┌─ GIVEN MATERIAL

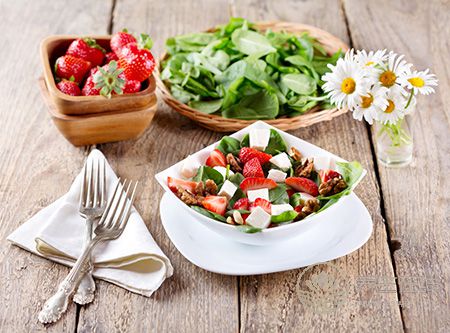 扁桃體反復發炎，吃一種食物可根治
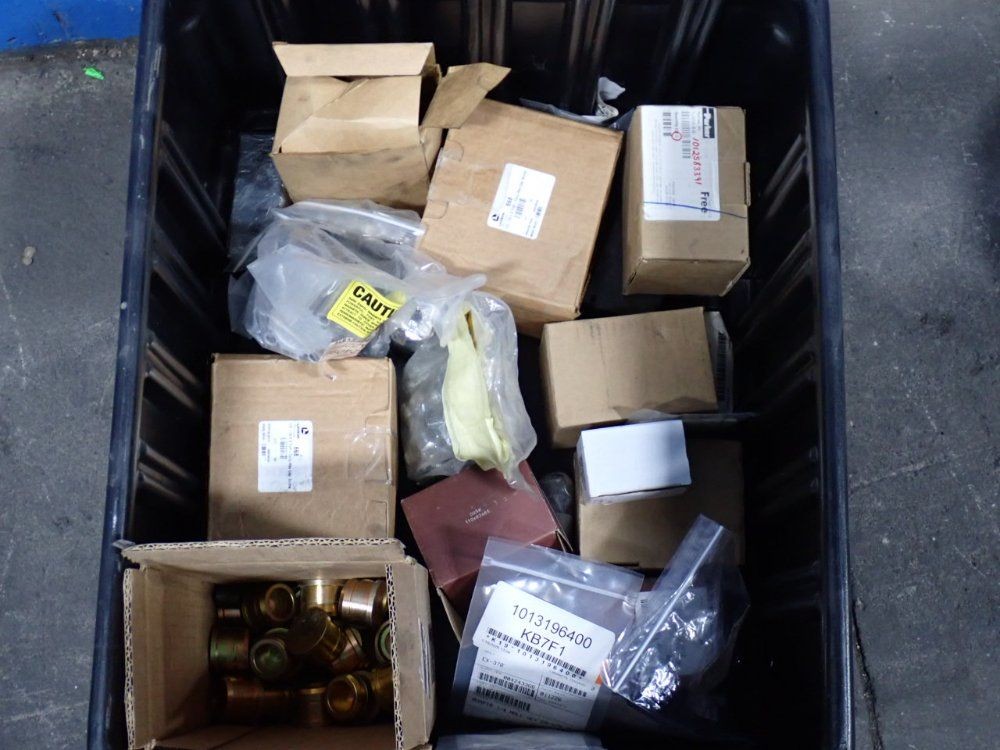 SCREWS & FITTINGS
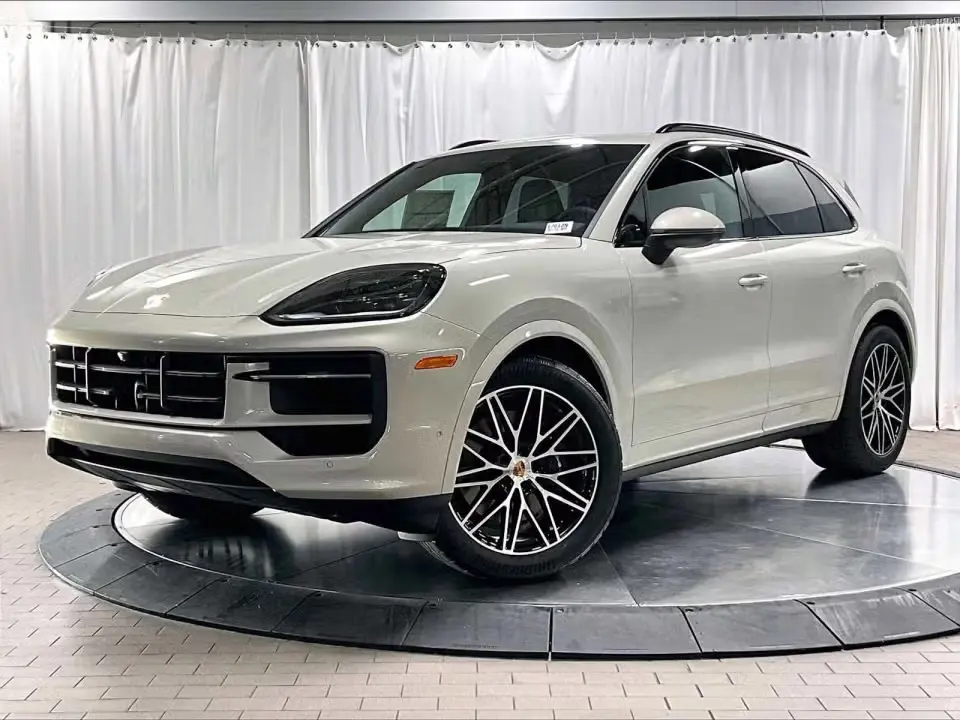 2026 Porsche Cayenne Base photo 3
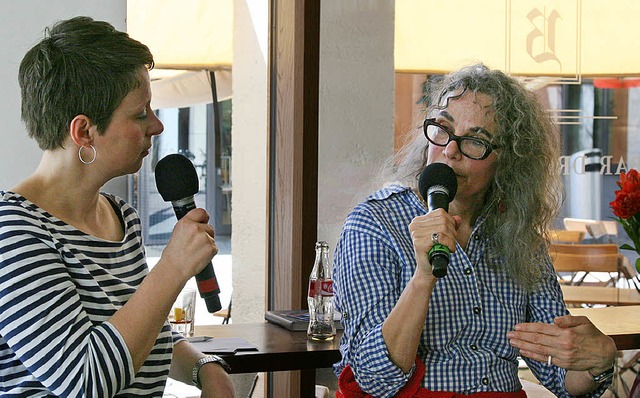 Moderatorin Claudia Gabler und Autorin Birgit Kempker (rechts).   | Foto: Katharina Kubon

└─

Every line of the data should be copied as it stands, without the images.

 扁桃體反復發炎，吃一種食物可根治
 SCREWS & FITTINGS
 2026 Porsche Cayenne Base photo 3
 Moderatorin Claudia Gabler und Autorin Birgit Kempker (rechts).   | Foto: Katharina Kubon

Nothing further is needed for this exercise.